*** Opening of Extracted material ***

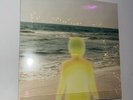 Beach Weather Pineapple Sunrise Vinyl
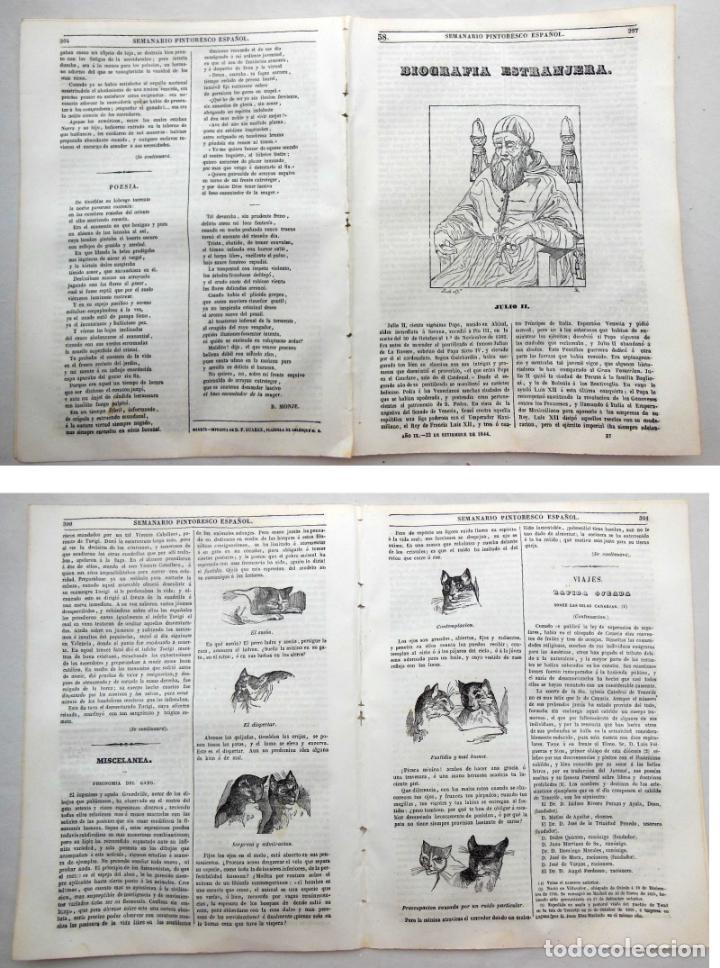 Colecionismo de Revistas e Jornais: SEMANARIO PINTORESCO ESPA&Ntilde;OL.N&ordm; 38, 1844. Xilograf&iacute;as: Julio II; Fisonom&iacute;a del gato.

*** Close of Extracted material ***
*** Opening of Extracted material ***

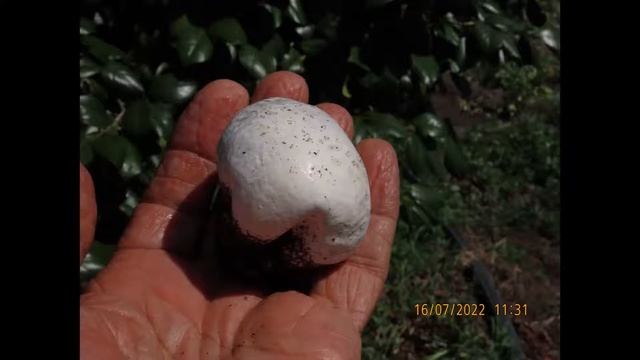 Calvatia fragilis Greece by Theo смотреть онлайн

*** Close of Extracted material ***

Starting at the line containing "Beach Weather Pineapple Sunrise Vinyl" and stopping at the line containing "Colecionismo de Revistas", output every line above exactly, both ends included, with pictures omitted.

▶ **Written answer**
 Beach Weather Pineapple Sunrise Vinyl
 Colecionismo de Revistas e Jornais: SEMANARIO PINTORESCO ESPA&Ntilde;OL.N&ordm; 38, 1844. Xilograf&iacute;as: Julio II; Fisonom&iacute;a del gato.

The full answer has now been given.